## Work instruction:
Reproduce from the records below, with no pictures, exactly the lines between the one containing "Eine Kriegslist - in" and the one containing "distance learning flyer", inclusive.

## Dataset excerpts:
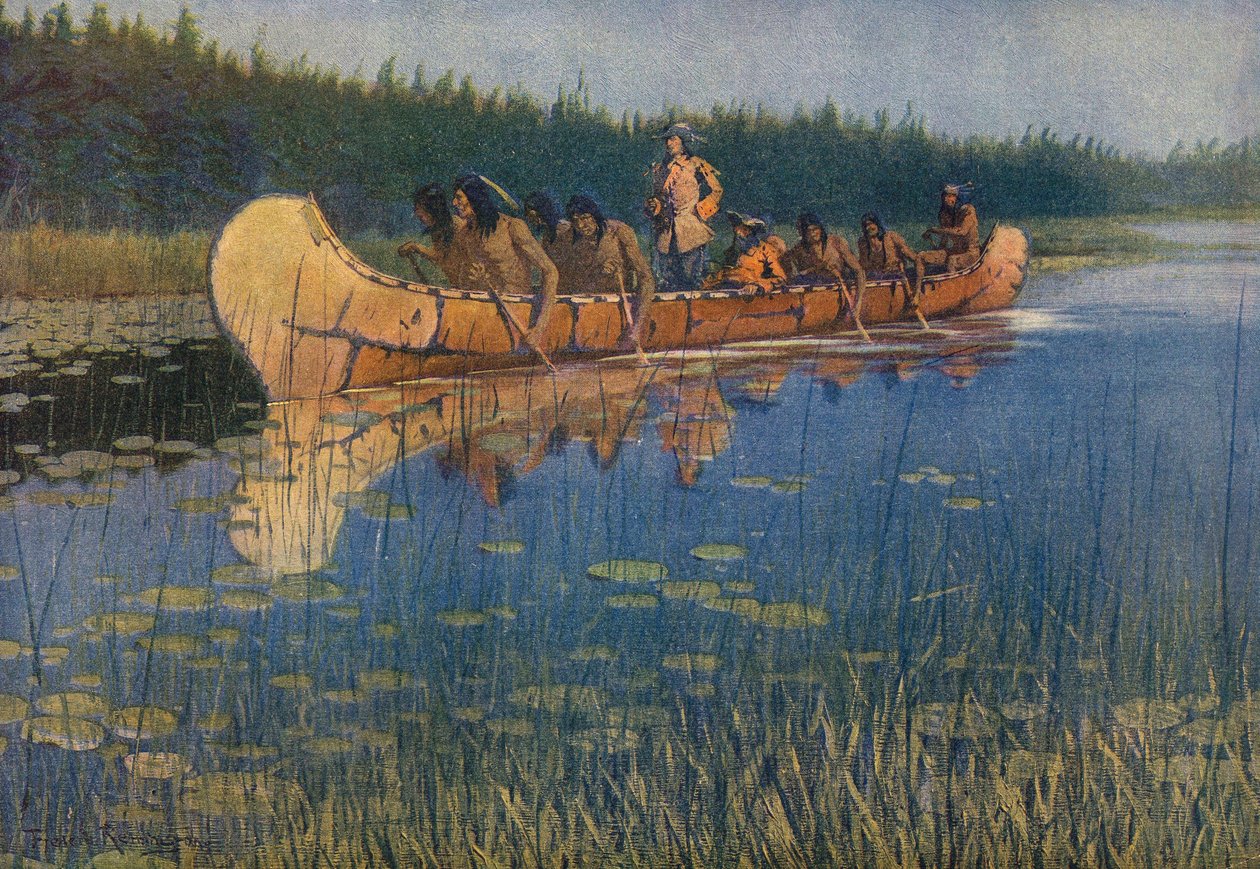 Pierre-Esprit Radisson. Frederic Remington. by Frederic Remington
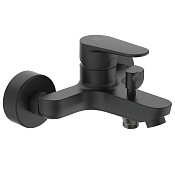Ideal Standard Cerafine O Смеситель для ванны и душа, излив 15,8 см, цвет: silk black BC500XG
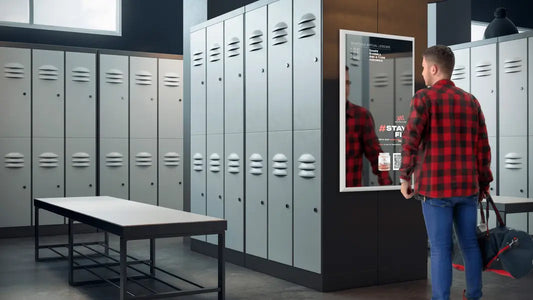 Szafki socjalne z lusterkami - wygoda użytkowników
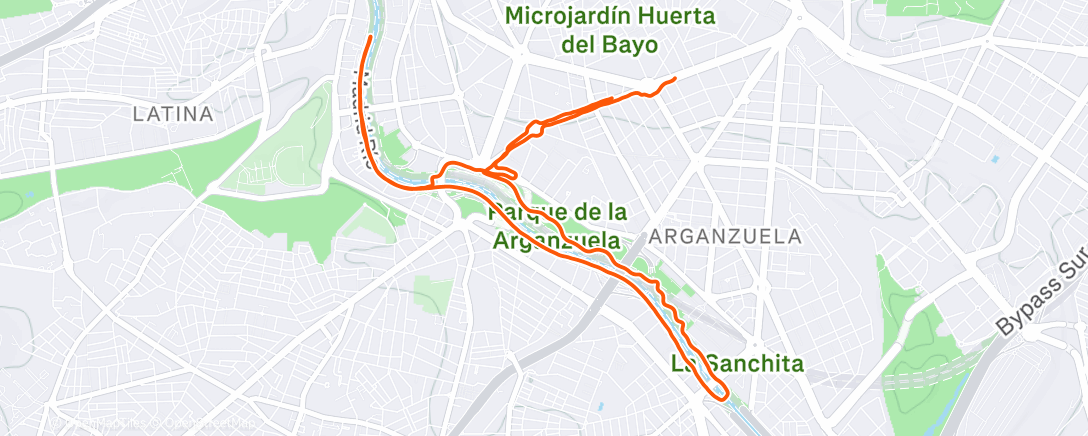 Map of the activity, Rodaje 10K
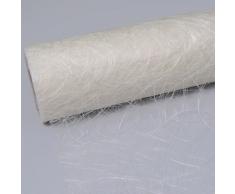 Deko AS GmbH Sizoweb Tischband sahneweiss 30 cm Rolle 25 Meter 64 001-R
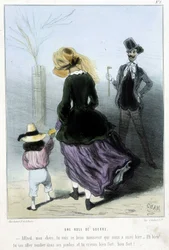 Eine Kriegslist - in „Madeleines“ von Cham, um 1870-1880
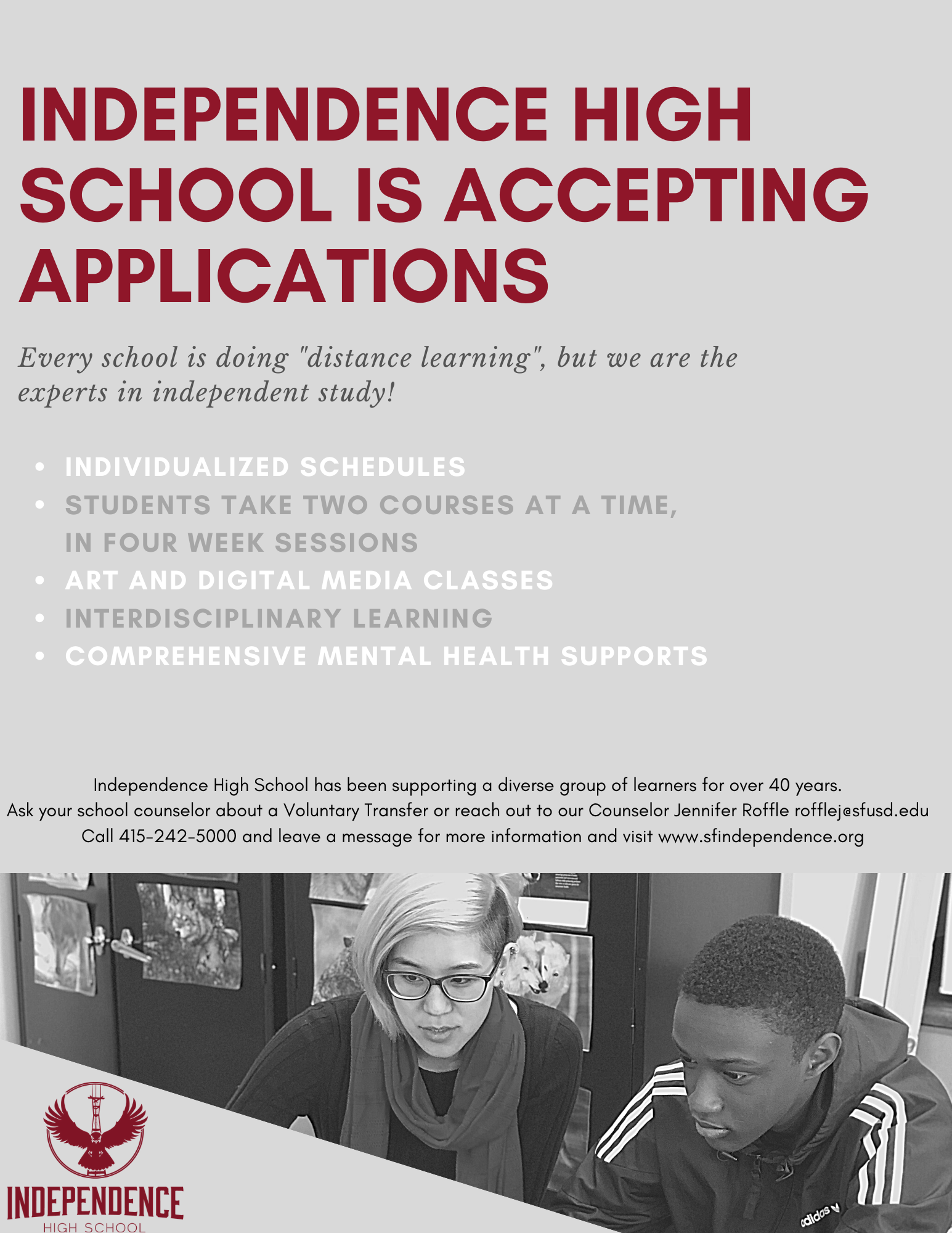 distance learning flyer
* * *
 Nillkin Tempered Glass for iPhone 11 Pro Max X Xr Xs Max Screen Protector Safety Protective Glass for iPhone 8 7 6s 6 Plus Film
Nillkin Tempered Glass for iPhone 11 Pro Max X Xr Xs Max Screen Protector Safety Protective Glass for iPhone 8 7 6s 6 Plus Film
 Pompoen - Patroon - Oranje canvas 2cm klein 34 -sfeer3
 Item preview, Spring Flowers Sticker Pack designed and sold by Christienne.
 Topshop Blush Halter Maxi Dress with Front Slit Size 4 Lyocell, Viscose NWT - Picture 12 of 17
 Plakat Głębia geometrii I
---
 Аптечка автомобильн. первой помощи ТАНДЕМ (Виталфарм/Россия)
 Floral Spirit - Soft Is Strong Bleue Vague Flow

## Solution to this problem:
 Eine Kriegslist - in „Madeleines“ von Cham, um 1870-1880
 distance learning flyer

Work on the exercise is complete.